Formula 1

Rusia Sepakat Perpanjang Kontrak Jadi Tuan Rumah F1

Selasa, 28 Februari 2017 18:10 WIB
Editor: Ivan Reinhard Manurung
© motorsport.com
Rusia tetap menjadi tuan rumah ajang Formula 1 hingga 2025. Copyright: © motorsport.com
Rusia tetap menjadi tuan rumah ajang Formula 1 hingga 2025.

Kabar gembira datang bagi para pecinta kompetisi balap Formula 1. Pasalnya, di saat banyak negara yang mulai membatalkan kontrak sebagai penyelenggara, seperti Malaysia dan Singapura, Rusia secara mengejutkan justru berani memperpanjang kontraknya hingga 2025 mendatang.

Dikutip dari Motorsport, perpanjangan kontrak yang dilakukan oleh Rusia sebagai tuan rumah salah satu seri jet darat itu, menyusul perbincangan dengan mantan bos F1, Bernie Ecclestone tahun lalu.

Bagi Anda yang belum tahu, Rusia sebenarnya masih terikat kontrak untuk menjadi tuan rumah F1 hingga 2020 mendatang, yang berarti perpanjangan kontrak yang baru disepakati tersebut memiliki tambahan durasi sebanyak lima tahun.

Rusia tetap menjadi salah satu tuan rumah F1 hingga 2025.

Promotor GP Rusia, Sergey Vorobyov mengatakan proses perbincangan terkait perpanjangan kontrak ini berlangsung cukup lama.
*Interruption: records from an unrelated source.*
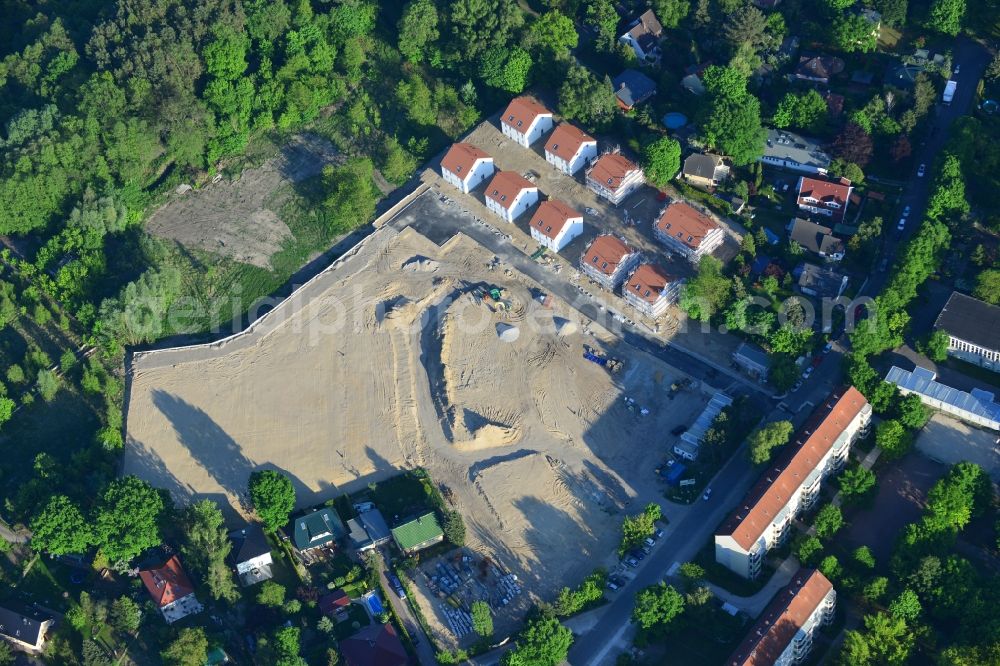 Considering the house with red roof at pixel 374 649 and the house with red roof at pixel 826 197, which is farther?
the house with red roof at pixel 826 197

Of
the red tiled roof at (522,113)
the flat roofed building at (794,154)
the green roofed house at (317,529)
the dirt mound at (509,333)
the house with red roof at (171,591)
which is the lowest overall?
the house with red roof at (171,591)

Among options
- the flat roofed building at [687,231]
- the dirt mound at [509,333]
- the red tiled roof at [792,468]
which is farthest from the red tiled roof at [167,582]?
the flat roofed building at [687,231]

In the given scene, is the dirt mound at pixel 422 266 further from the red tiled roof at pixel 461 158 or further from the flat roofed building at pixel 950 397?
the flat roofed building at pixel 950 397

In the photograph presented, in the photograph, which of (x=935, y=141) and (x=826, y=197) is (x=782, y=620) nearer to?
(x=826, y=197)

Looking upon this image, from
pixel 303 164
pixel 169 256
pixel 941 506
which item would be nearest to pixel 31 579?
pixel 169 256

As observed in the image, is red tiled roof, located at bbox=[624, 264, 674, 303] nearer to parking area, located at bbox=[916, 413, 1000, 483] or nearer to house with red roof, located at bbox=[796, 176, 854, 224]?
house with red roof, located at bbox=[796, 176, 854, 224]

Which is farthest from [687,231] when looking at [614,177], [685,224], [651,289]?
[614,177] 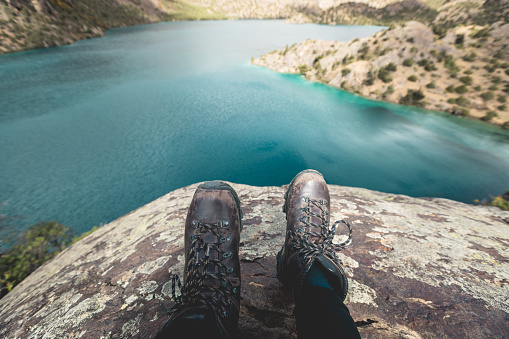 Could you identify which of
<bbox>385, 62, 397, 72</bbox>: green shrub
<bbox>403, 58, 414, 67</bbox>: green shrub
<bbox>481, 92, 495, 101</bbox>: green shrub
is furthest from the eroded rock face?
<bbox>403, 58, 414, 67</bbox>: green shrub

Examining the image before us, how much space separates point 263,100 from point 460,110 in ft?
67.9

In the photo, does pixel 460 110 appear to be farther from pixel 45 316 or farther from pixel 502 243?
pixel 45 316

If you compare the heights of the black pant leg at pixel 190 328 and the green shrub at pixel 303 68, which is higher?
the green shrub at pixel 303 68

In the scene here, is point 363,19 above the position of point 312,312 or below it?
above

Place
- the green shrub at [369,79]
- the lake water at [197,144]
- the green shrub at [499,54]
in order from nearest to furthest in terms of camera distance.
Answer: the lake water at [197,144] → the green shrub at [499,54] → the green shrub at [369,79]

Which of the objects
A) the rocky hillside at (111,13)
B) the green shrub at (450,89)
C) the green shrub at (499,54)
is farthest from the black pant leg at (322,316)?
the rocky hillside at (111,13)

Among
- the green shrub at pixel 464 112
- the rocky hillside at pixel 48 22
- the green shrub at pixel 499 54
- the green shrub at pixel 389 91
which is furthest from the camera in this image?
the rocky hillside at pixel 48 22

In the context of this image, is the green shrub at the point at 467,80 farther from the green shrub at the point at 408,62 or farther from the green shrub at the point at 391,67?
the green shrub at the point at 391,67

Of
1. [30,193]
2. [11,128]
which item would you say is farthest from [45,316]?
[11,128]

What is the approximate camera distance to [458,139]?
1767 cm

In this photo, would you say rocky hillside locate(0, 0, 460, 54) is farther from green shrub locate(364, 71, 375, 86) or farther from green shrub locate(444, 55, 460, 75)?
green shrub locate(444, 55, 460, 75)

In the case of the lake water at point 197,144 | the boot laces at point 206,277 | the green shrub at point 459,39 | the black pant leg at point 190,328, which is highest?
the green shrub at point 459,39

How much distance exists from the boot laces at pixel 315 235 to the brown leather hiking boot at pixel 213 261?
807mm

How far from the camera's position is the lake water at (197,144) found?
12.1m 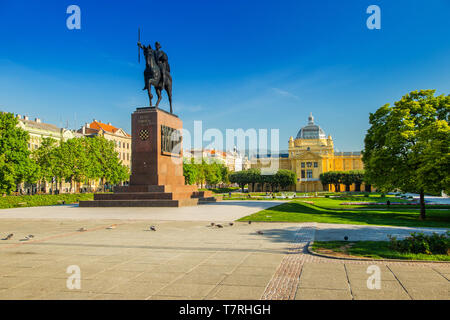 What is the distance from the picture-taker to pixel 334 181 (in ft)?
330

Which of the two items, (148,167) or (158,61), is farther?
(158,61)

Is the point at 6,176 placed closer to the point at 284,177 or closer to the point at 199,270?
the point at 199,270

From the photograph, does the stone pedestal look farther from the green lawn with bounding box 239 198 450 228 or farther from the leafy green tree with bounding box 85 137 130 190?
the leafy green tree with bounding box 85 137 130 190

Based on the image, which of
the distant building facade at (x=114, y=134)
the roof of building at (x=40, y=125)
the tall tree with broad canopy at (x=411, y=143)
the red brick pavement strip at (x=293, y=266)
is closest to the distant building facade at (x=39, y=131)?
the roof of building at (x=40, y=125)

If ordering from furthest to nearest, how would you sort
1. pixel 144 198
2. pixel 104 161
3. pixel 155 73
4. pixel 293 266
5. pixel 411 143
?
pixel 104 161 → pixel 155 73 → pixel 144 198 → pixel 411 143 → pixel 293 266

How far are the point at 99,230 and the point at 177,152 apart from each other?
57.4 feet

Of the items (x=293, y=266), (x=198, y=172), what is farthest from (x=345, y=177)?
(x=293, y=266)

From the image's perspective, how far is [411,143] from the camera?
82.7 ft

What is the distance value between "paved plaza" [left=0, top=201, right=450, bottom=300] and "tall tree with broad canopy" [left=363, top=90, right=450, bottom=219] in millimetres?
11279

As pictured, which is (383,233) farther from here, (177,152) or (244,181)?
(244,181)

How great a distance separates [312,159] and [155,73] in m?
103

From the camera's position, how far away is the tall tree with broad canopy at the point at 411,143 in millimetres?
21547

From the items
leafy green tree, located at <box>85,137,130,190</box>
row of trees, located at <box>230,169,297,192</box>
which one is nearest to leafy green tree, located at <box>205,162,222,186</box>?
row of trees, located at <box>230,169,297,192</box> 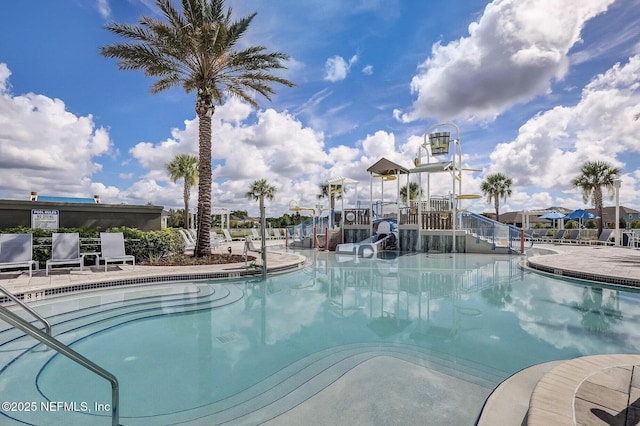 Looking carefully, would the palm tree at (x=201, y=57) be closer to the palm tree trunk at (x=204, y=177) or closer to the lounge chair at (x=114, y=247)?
the palm tree trunk at (x=204, y=177)

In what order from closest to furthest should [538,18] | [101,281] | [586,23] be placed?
[101,281], [538,18], [586,23]

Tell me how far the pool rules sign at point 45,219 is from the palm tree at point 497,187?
35.3 m

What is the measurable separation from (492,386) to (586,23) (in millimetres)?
13596

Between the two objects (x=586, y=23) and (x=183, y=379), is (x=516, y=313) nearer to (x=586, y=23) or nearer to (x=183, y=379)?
(x=183, y=379)

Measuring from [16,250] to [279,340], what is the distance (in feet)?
25.0

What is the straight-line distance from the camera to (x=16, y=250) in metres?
7.86

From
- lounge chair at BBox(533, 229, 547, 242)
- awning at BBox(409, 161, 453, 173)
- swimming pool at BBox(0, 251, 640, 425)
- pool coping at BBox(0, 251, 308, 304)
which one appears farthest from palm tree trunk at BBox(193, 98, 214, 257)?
lounge chair at BBox(533, 229, 547, 242)

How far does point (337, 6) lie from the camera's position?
428 inches

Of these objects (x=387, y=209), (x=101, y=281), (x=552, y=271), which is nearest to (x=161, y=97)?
(x=101, y=281)

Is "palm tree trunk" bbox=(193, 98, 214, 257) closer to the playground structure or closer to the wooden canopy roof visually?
the playground structure

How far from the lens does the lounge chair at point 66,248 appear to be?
848cm

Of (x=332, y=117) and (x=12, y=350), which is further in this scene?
(x=332, y=117)

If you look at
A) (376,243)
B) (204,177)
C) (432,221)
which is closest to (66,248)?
(204,177)

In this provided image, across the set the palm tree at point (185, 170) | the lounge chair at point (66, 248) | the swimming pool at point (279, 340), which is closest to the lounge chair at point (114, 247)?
the lounge chair at point (66, 248) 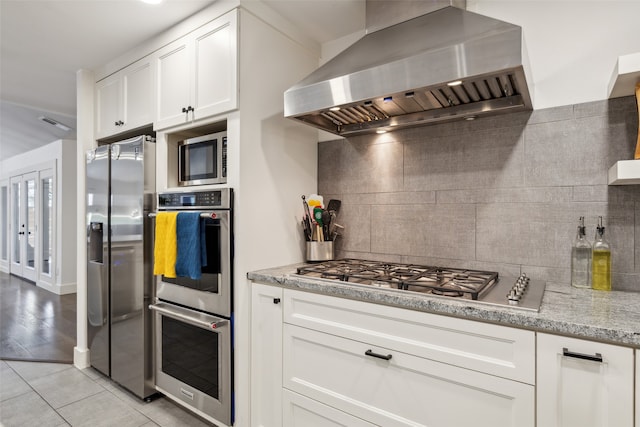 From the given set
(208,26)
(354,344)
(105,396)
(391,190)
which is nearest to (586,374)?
(354,344)

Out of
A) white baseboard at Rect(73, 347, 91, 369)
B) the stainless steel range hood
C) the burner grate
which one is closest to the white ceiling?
the stainless steel range hood

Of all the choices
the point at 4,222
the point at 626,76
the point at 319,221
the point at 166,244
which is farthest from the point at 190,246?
the point at 4,222

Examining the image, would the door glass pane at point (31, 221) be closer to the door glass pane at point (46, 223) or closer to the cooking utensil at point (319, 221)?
the door glass pane at point (46, 223)

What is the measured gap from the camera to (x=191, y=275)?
6.27 ft

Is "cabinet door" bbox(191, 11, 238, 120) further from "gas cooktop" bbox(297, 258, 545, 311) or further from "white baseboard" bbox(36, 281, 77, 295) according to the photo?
"white baseboard" bbox(36, 281, 77, 295)

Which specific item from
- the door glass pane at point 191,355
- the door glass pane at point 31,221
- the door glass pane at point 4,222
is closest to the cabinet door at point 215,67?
the door glass pane at point 191,355

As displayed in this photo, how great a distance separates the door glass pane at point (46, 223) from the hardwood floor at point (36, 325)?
0.45m

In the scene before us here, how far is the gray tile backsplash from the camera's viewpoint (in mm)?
1526

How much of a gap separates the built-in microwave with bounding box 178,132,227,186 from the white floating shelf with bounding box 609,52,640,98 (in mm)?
1815

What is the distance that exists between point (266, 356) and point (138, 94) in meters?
2.02

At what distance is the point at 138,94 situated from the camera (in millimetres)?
2494

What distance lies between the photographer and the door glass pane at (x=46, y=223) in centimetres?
593

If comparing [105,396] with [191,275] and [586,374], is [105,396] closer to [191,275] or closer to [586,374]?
[191,275]

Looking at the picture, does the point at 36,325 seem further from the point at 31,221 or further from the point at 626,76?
the point at 626,76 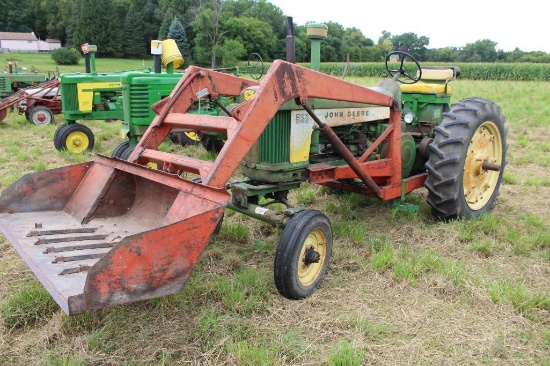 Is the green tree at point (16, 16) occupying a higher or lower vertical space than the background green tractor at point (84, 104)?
higher

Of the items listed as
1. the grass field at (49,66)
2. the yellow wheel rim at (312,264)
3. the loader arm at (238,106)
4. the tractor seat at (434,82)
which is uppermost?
the grass field at (49,66)

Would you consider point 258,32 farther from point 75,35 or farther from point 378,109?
point 378,109

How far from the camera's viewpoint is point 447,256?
3957 mm

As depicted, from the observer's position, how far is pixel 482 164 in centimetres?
473

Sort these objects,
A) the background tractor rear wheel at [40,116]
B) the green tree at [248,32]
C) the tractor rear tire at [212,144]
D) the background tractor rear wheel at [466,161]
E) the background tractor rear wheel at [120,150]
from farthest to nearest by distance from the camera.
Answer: the green tree at [248,32] → the background tractor rear wheel at [40,116] → the tractor rear tire at [212,144] → the background tractor rear wheel at [120,150] → the background tractor rear wheel at [466,161]

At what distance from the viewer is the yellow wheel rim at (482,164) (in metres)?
4.71

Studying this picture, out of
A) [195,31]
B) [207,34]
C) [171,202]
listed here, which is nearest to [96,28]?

Namun, pada akhirnya mereka menyetujui tawaran tersebut, lantaran terdapat pula pertambahan kontrak sponsorship.

"Ini merupakan proses perbincangan kontrak baru yang cukup kompleks. Namun, bagian terpentingnya adalah masalah sponsorship," ungkap Sergey.

Meski sudah menyatakan sikap yang mau memperpanjang kontrak, Sergey mengatakan pihaknya masih belum mau mengumumkan secara resmi. Pasalnya, saat ini ia tengah membicarakan beberapa hal lain dengan bos baru F1, Chase Carey.

Sergey mengaku masih membicarakan beberapa masalah dengan Chase.

"Masih ada beberapa persoalan lagi yang masih harus kami bahas dengan Chase dan timnya. Makanya, saya belum berani mengumumkan hal ini, tapi dalam waktu dekat hal tersebut akan kami umumkan," paparnya.

Dalam kesempatan itu, Sergey pun menyebutkan kemungkinan balapan di GP Rusia akan berlangsung pada malam hari, sama seperti di GP Dubai dan GP Singapura.

"Sebenarnya ada pilihan untuk menggelar balapan pada malam hari. Jika kami menghabiskan sejumlah dana ditambah persiapan tujuh bulan sebelum balapan, hal tersebut bisa terjadi. Tapi hal ini masih harus kami bicarakan dengan masyarakat sekitar," tutupnya.